- Born: 1938 Moscow, Soviet Union
- Died: 19 January 2024 (aged 86) Athens, Greece
- Occupations: writer, translator, professor

= Sonia Ilinskagia =

Greek-Russian writer (1938–2024)

Sonia Ilinskagia (Σόνια Ιλίνσκαγια; 1938 – 19 January 2024) was a Greek-Russian writer, translator and professor. She was considered one of the most important scholars of modern Greek literature.

== Biography ==
Ilinskagia was born in Moscow and studied classical literature at Lomonosov Moscow University specializing in modern Greek and Russian literature. She worked as a researcher at the Institute of Slavic and Balkan Studies of the USSR Academy of Sciences.
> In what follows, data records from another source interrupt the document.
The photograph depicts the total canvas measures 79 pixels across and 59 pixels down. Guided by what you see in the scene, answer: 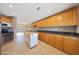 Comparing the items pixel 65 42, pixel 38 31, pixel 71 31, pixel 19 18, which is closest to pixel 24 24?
pixel 19 18

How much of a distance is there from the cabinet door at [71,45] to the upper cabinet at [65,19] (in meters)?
0.54

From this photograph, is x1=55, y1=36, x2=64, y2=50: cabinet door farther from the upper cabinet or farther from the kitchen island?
the kitchen island

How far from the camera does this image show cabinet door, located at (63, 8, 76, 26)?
115 inches

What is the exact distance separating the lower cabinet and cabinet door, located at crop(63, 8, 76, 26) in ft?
1.60

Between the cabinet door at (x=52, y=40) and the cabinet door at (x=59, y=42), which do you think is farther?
the cabinet door at (x=52, y=40)

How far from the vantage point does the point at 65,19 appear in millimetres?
3283

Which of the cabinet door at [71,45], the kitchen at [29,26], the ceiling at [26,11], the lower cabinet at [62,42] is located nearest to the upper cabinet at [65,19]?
the kitchen at [29,26]

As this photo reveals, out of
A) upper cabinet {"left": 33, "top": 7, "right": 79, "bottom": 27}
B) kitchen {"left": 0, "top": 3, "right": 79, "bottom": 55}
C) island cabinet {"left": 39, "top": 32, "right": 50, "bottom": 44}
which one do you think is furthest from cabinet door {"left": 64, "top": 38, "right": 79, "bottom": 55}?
island cabinet {"left": 39, "top": 32, "right": 50, "bottom": 44}

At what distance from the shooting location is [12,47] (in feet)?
8.94

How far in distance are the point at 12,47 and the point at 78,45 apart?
1.85 metres

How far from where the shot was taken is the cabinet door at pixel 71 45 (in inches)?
101

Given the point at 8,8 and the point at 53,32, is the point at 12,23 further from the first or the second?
the point at 53,32

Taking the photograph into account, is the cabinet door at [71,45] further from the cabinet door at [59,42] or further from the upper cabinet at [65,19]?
the upper cabinet at [65,19]

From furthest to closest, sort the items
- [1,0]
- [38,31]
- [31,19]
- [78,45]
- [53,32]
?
[53,32], [38,31], [31,19], [78,45], [1,0] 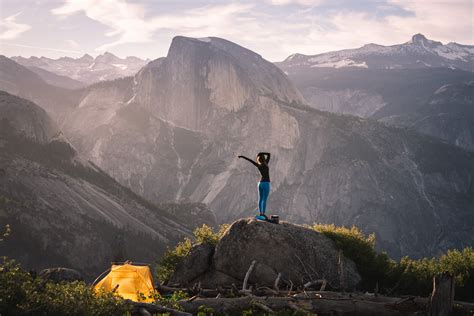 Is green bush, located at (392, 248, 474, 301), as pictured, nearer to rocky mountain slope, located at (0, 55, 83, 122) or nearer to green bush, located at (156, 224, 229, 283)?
green bush, located at (156, 224, 229, 283)

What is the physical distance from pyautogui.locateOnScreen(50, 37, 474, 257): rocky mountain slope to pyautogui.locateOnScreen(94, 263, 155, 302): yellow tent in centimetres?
11068

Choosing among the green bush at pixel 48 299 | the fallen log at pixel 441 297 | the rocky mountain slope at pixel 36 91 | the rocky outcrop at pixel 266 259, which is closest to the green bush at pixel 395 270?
the rocky outcrop at pixel 266 259

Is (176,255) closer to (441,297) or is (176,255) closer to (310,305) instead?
(310,305)

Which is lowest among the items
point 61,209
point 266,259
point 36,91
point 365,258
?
point 61,209

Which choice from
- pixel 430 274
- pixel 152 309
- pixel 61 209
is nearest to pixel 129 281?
pixel 152 309

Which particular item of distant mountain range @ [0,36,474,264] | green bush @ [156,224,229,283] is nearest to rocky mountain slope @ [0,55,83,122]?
distant mountain range @ [0,36,474,264]

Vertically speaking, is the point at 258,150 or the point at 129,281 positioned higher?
the point at 258,150

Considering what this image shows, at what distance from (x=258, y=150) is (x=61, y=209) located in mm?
79238

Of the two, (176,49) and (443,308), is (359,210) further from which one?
(443,308)

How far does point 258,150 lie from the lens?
151 meters

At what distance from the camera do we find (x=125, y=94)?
17300 centimetres

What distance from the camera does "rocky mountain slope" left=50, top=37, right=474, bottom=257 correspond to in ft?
440

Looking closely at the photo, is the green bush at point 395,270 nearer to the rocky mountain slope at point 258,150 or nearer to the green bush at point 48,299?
the green bush at point 48,299

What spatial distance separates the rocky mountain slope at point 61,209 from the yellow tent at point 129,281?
47484 millimetres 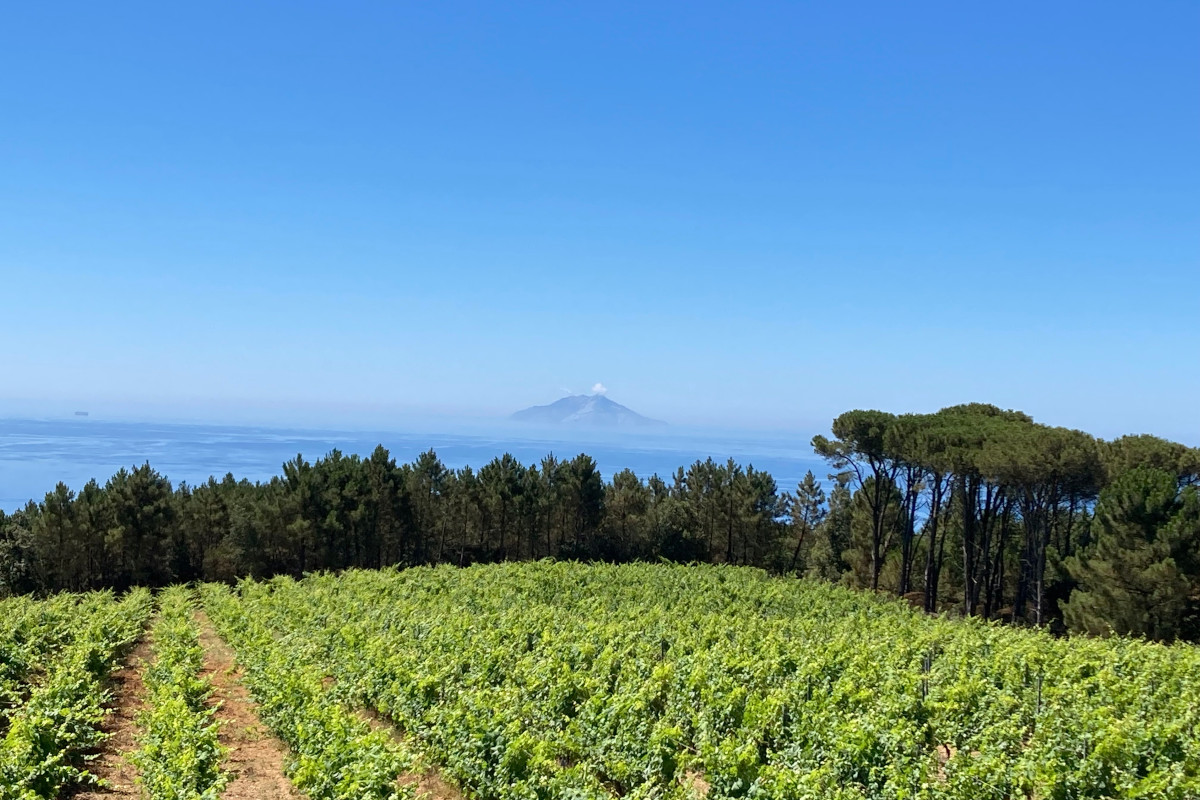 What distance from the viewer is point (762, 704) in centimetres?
873

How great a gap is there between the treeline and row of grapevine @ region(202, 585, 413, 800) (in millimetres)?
21778

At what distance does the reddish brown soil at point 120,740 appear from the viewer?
860cm

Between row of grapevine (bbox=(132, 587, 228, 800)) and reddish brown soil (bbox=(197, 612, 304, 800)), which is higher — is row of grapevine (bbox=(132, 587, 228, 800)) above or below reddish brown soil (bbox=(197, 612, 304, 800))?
above

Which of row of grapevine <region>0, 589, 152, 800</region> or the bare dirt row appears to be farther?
the bare dirt row

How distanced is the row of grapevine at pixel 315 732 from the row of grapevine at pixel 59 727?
2025mm

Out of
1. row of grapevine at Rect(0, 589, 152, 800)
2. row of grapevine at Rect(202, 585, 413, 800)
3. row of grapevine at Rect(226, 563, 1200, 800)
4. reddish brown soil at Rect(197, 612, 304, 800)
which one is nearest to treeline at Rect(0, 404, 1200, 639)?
row of grapevine at Rect(226, 563, 1200, 800)

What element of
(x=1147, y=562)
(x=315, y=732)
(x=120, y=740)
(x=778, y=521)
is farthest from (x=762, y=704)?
(x=778, y=521)

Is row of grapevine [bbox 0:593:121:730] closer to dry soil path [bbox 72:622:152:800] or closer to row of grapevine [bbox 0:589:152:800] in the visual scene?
row of grapevine [bbox 0:589:152:800]

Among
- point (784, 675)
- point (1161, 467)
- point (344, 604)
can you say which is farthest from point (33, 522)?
point (1161, 467)

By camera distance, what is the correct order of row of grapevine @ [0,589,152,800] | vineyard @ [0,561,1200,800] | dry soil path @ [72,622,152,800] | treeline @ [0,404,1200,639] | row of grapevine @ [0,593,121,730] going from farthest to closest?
treeline @ [0,404,1200,639] → row of grapevine @ [0,593,121,730] → dry soil path @ [72,622,152,800] → row of grapevine @ [0,589,152,800] → vineyard @ [0,561,1200,800]

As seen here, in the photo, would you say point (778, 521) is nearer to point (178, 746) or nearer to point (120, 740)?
point (120, 740)

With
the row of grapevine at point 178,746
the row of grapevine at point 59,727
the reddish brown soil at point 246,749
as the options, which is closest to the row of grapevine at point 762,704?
the reddish brown soil at point 246,749

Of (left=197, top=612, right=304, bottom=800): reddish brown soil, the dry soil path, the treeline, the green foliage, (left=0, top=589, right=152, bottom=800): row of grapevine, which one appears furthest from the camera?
the treeline

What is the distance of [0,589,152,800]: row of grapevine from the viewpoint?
7.25 m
In 1971 she defended her thesis entitled "Contribution to the study of post-war poetry in Greece".

In 1983 she settled in Greece where she became professor of modern Greek philology. Ilinskagia was an Honorary Professor of the University of Ioannina. Her most emblematic achievement of this period was the publication of the entire poetic work of Cavafy in Russian in 2009, based on the Greek edition of 2003. Ilinskaya was honoured by the Greek State with the Orders of Commander of the Orders of Honor (2007) and Phoenix (2018).

She was married to writer Mitsos Alexandropoulos. Ilinskagia died in January 2024.